20 g plain/all purpose flour

100 ml milk

1/2 tsp vanilla extract

60 g sugar

1 lemon, zest

250g cherries, pitted

100ml water

100g sugar (depending how sweet or sour your cherries are, adjust to your taste)


1. Preheat your oven to 150c/300f

2. Separate the eggs and return the whites to the fridge.

3. Combine the cream cheese, sour cream, egg yolks and vanilla in a bowl until smooth. Sieve in the flour and mix well

4. Pass the batter through a mesh sieve to remove any lumps and then add the lemon zest.

5. Line the base of a 18cm/9" cake tin with a loose bottom. Butter the sides of the cake tin. Line the outside with two layers of aluminium foil.

6. In a spotlessly clean bowl, whisk the egg whites to soft peaks and then add the sugar. Continue until stiff glossy white peaks form.

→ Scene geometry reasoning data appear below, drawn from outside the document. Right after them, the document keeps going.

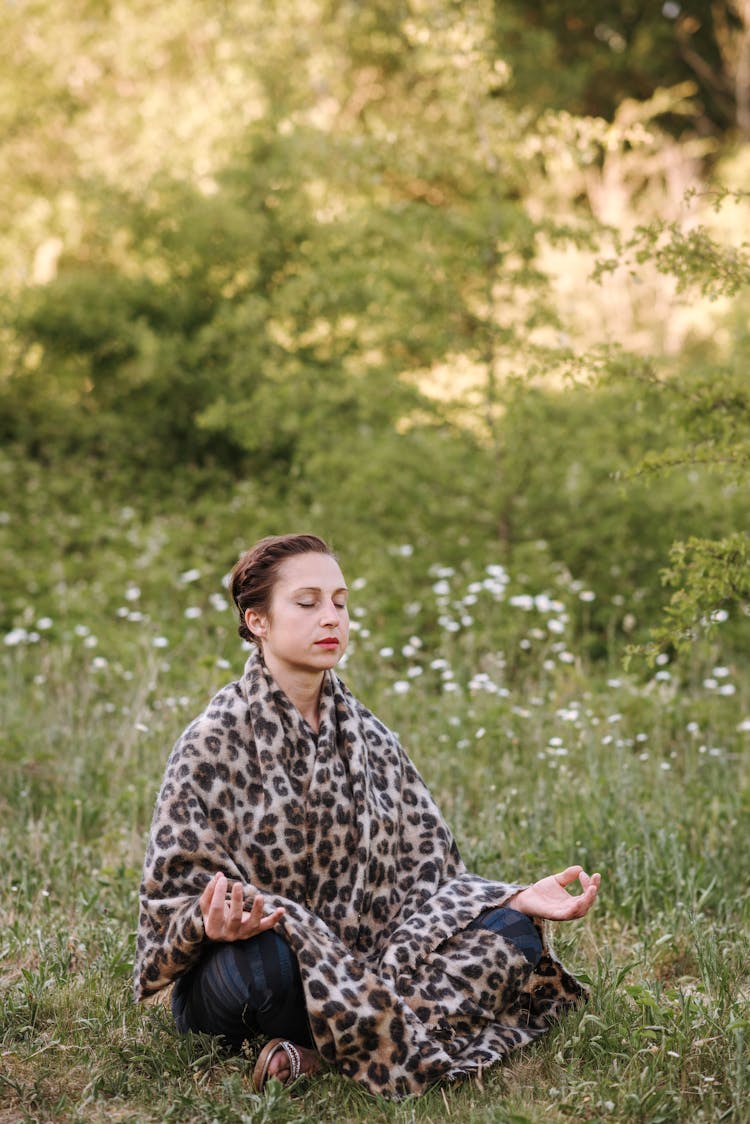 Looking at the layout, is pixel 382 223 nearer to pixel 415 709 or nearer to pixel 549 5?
pixel 415 709

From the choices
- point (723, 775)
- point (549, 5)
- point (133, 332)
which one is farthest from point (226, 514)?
point (549, 5)

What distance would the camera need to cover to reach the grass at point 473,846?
2.84 metres

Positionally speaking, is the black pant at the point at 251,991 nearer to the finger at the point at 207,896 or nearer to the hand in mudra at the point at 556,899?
the finger at the point at 207,896

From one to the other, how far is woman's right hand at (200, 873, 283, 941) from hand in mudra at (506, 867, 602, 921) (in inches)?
27.6

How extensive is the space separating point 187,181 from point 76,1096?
9627 mm

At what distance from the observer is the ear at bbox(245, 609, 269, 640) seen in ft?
10.3

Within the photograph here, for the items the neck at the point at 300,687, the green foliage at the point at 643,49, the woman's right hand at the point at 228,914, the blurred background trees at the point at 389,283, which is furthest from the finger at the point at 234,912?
the green foliage at the point at 643,49

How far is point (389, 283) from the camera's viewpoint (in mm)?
7438

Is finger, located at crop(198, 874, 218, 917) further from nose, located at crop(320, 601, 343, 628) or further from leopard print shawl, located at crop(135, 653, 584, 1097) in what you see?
nose, located at crop(320, 601, 343, 628)

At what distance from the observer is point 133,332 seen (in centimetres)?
1092

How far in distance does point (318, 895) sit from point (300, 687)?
A: 1.67ft

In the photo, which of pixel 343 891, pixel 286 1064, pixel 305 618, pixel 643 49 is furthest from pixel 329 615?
pixel 643 49

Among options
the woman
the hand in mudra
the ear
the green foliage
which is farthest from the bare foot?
the green foliage

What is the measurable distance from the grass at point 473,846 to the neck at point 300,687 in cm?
82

*I tried this with both a electric hand whisk and in a stand mixer. The latter produced markedly better results and I would recommend using it if you have one (despite the extra clean up)

7. Add a third of the egg white mix to the egg yolk batter and combine thoroughly. Very gently fold in the remaining egg whites.

8. Boil a full kettle of water

9. Pour the batter into the prepped cake tin and smooth out the top.

10. Lift the tin about 10cm off your kitchen counter and drop it. This will break any large air bubbles trapped.

11. Place the prepped and protected cake tin in a roasting dish with deep sides and pour boiling water into the tray to about 3cm deep.

12. Bake the cake for 15 minutes at 150c/300f and then reduce to 140c/280f for a further 45-50 minutes. It is ready when a skewer comes out clean.

13. Allow the cake to cool for a hour in the tin before sliding a knife around the edge. Chill for a further 2 hours in the fridge.

14. Cut half of the cherries into a small dice and add to a pan with the water and sugar. Cook gently over a medium low heat for 20-25 minutes until you have a thick and glossy syrup. Add extra water if the pan looks a bit dry.

15. Add in the rest of the whole pitted cherries and continue to cook for a further 10 minutes.

16. Remove from the heat and leave to cool completely

17. Pour the cherries and syrup over the top of the cheesecake covering any cracks that may have formed.